立ち上がろうとする男の黒装束の裾を、花がキュッと掴む。男はそんな花の行動に目をぱちくりさせている。花自身も思わず取ってしまった自分の行動に驚きつつ、そのまま身を乗り出すようにベッドに両膝をついた。



「私の名前は花。貴方は私の、命の恩人ね!本当にありがとう!良ければ、貴方の名前を教えてくれる?」


「……教えてもいいが、そうすると俺はこの国に居られなくなる」


「え……あ、そっか。別に私、貴方のことを告げ口なんてしないよ?」


「お前にその気がなくとも、魔法でどうとでもなる」


「そ、それなら……あだ名でも何でもいいから」


「…………」



黒装束の男はしばし思考を巡らせてから、花に視線を合わせた。布越しに聞こえる低い声音が、花の胸を高鳴らせる。



「セナ。俺のことはセナと呼べ」


「セナ……?教えてくれてありがとう、セナさん!」


「……呼び捨てでいい。飴玉が無くなった頃にまた来る」


「え。飴玉がある内は、来てくれないの?」


「…………」


「いや、あの、無理なら仕方ないんだけど。セナには最初に腹の内を見せちゃったせいか、何となく落ち着くというか……」



「駄目かな?」と、困ったように笑う花に、セナは綺麗なワインレッドの瞳を細めた。布越しでハッキリとは分からないが、その口元は微笑んでいるように見えた。



「分かった。頻繁には無理だが、時間を見つけてまた来る」


「本当に?!嬉しい!ありがとう、セナ!」


「ああ。またな、ハナ」



初めてセナに名前を呼んで貰えて、嬉しくて口元が綻んだ。昼間も確かに呼んで貰った名前の筈なのに、呼ぶ人が違うだけで、こんなにも変わるものなのだろうか?

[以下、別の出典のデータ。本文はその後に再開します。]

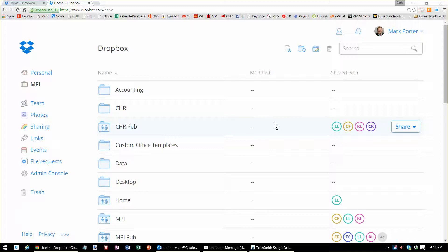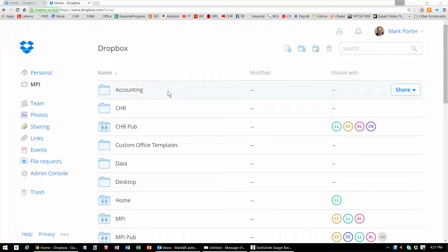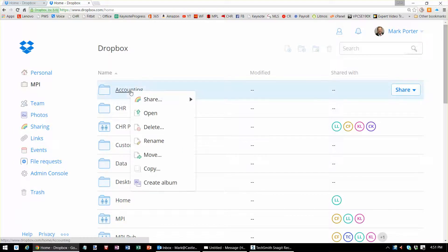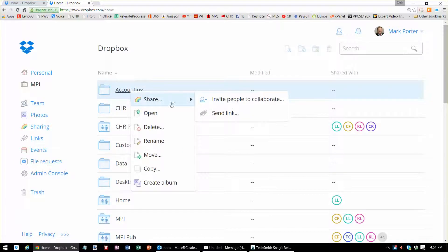To share a folder on Dropbox, simply go to Dropbox.com and log in with your email address and password. Then right-click on the folder and hit Share.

侵入者らしく、セナは足音立てずに足早に部屋から去っていった。去り際にチラリと見えた、一房の長い髪。月明かりに照らされたソレは、艶やかな藍色で、夜に現れる彼にぴったりだと思った。



「瞳が金色なら、完全に夜みたいな人だよね」



ふふっと笑みを零しつつ、セナに貰った虹色の飴玉に視線を落とす。

瓶の蓋を開けてみると、甘い匂いがして、彼から香った匂いと同じ匂いだなと気付く。きっと飴玉を作った際に、匂いが彼に移ったのだろう。



昼間逢ったアークやクラウス達は、いい人達だと思った。けれど、それはきっと私が聖女の見た目をしているからで、一緒に居ても安心感は無かった。



「これからお互いを知っていけば、それも変わるんだろうけど……」



セナは見るからに怪しい人で、顔は隠しているし、窓から入ってくるけれど。取り乱して、泣いて縋る私を、彼は抱き締めてくれた。最初にどこか痛いのかと心配してくれた以外、何も聞かなかった。



「きっと、セナは優しい人ね。でなきゃ泣いてる時に胸を貸したり、私の為に飴玉作ったりしてくれる訳ないもの」



花は飴玉の入った瓶をサイドテーブルに置いて、心地好い眠気に身を委ねて眠りについた。魔力切れのせいではなく、普通の眠りにつけた花は、翌朝気持ちよく目が覚めるだろう。


突然の魔力回復に皆が驚き、慌てふためくことになるが、今の花には知る由もない。